Editor Amy Scholder, longtime editor of two of my favorite presses (Feminist Press and Seven Stories Press), invites us to take a look into the smarter side of celebrity obsession in her newest collection of essays, Icon. From the age of six, watching her mother cry over Judy Garland’s death, growing up with an obsession with the Manson family’s girls, talking to a friend and colleague about the women’s love of Amy Winehouse only to discover the person had only ever heard a single Winehouse song, Scholder says “I’ve always thought that the weirdest thing about celebrity culture is the level of intimacy we feel with people we don’t know.”
Celebrity worship is something I’ve been struggling with a lot lately – not so much that I’m on the side of worship, but I’m in a place where I struggle to allow myself to admire people I’ve yet to met no matter how big a fan I am of their music or their writing or their social activism, etc.
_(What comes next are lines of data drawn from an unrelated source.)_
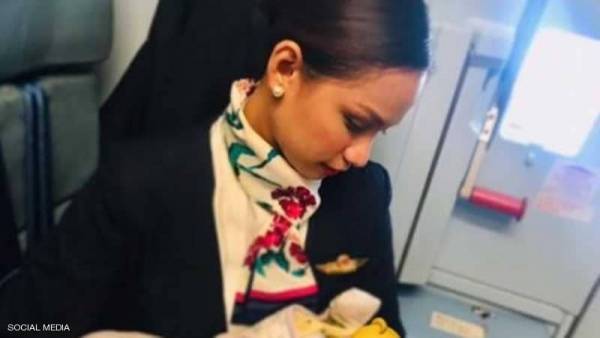 المضيفة المرضعة تحل أزمة في الجو.. وتنال سيلا من الإشادات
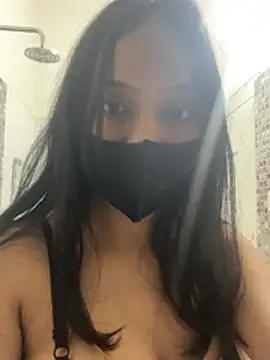 livia_dolls Adlı Modelin Canlı XXX Sohbeti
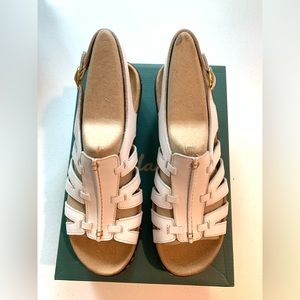 NEW IN BOX Clarks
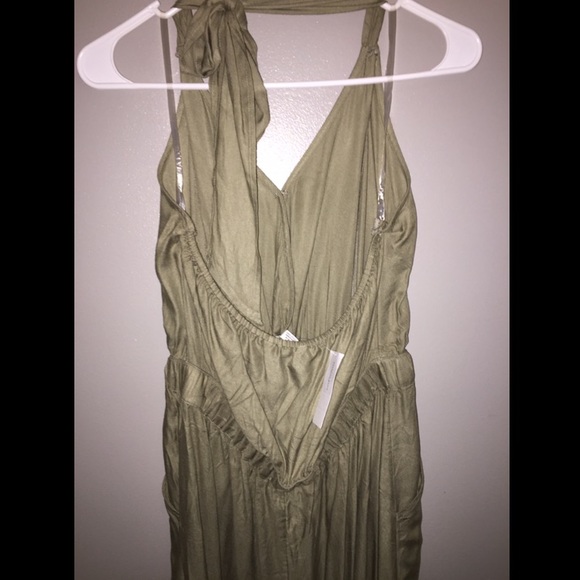 *NWT* American Eagle 🦅  Olive Halter Jumpsuit - Picture 5 of 7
There’s something about creative output – it ultimately shows a person’s BEST. It’s easy to become obsessed with that best part of them and forget that surrounding it is this messy, slightly above average, human like the rest of us.
Luckily, the authors of Icon’s essays have moved beyond sophomoric love affairs with celebrities the way people grow out of creating Taylor Swift fan blogs or dedicating Twitter accounts to Kim Kardashian. Theirs is mainly an academic love; a love of the, importantly, output of the celebrities rather than a shameless obsession of the person themselves.
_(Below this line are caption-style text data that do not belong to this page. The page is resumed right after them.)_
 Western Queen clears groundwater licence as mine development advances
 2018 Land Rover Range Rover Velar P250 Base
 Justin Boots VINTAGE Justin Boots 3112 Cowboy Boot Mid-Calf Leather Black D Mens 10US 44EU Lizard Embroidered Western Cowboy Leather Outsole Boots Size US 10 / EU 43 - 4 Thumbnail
A short summary of the authors involved / the icons profiled: Mary Gaitskill waxes poetic on the mysterious Linda Lovelace, and herself is later admired by Zoe Pilger. Riot Grrrl Johanna Fateman of Le Tigre outlines her personal plans to write an entirely separate book about tough and gritty Andrea Dworkin. Jill Nelsons (author of Sexual Healing) reflects on her startings of sexual freedom as narrated through Aretha Franklin’s song “Respect.” Rick Moody, cited music laymen fanatic thanks to his book On Celestial Music, again takes an in depth look on Karen Dalton. Hanne Blank (A Girl’s Gotta Eat) wonders whether or not her icon MFK Fisher’s food writing and acclaim will ever be something she herself can achieve without Fisher’s thin privilege. Danielle Henderson (creator of Feminist Ryan Gosling) talks about the moment of reading bell hooks when feminism finally felt like a space open for her as well. Trans-author Justin Vivian Bond remembers how as a teen she would project herself and her own chances to create the beautiful life she craved onto Este Lauder model Karen Graham. Green Girl author Kate Zambreno wanders through New York, seeking for the Edie Sedgwicks running their nylons through the town, the Kathy Acker’s taking a stand.
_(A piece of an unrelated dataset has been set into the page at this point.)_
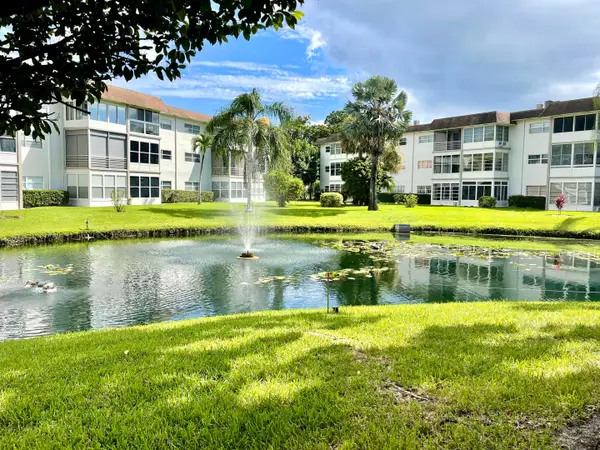 4701 NW 34th Street #416, Lauderdale Lakes, FL 33319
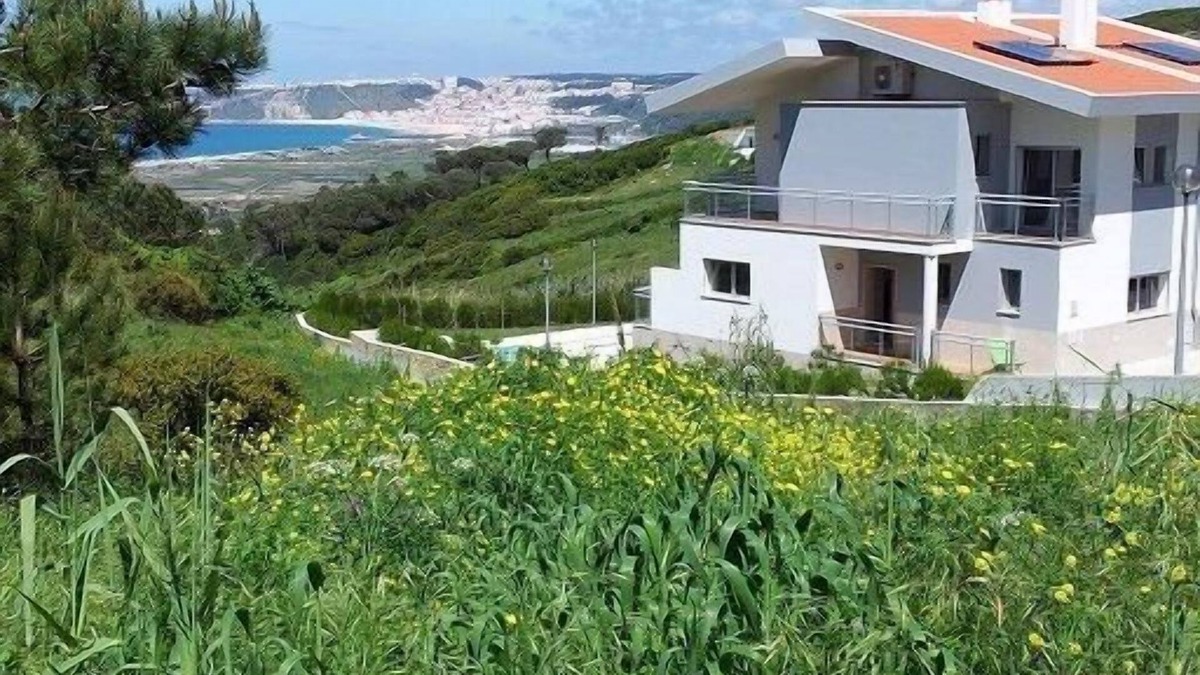 Serra da Pescaria Villa | Modern house with 3 Bedrooms And 3 Bathrooms Magnificent Ocean View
What really makes Icon work is the way each author takes on explaining their icon, what they meant and how they’ll live on. Some authors, like Rick Moody and Mary Gaitskill, take a straight biographical look into their icons. Danielle Henderson and Zoe Pilger harldy look into the lives of their icons at all, focusing solely on the way their written words touched their lives. Johanna Fateman, Jill Nelson and Justin Vivian Bond trace the connections between themselves and their icons, where their stories connect and what their icons have taught them. Hanne Blank does almost the opposite, at first professing her love for MFK Fisher, then realizing the advantages given to Fisher because of her beauty are mountains she herself may never be able to overcome. Kate Zambreno, perhaps most uniquely of all, holds a written séance with Kathy Acker, attempting to talk to her icon, to learn how the women avoiding selling in to literary boredom and stale publishing.
Celebrity worship is messy. As many of the authors admit, even our greatest heroes say things and do things we can’t agree with. Even our icons let us down. The fact of the matter is, our heroes, whether they be the same icons represented here or even the authors of the essays themselves, are all messy people, only more accomplished than us.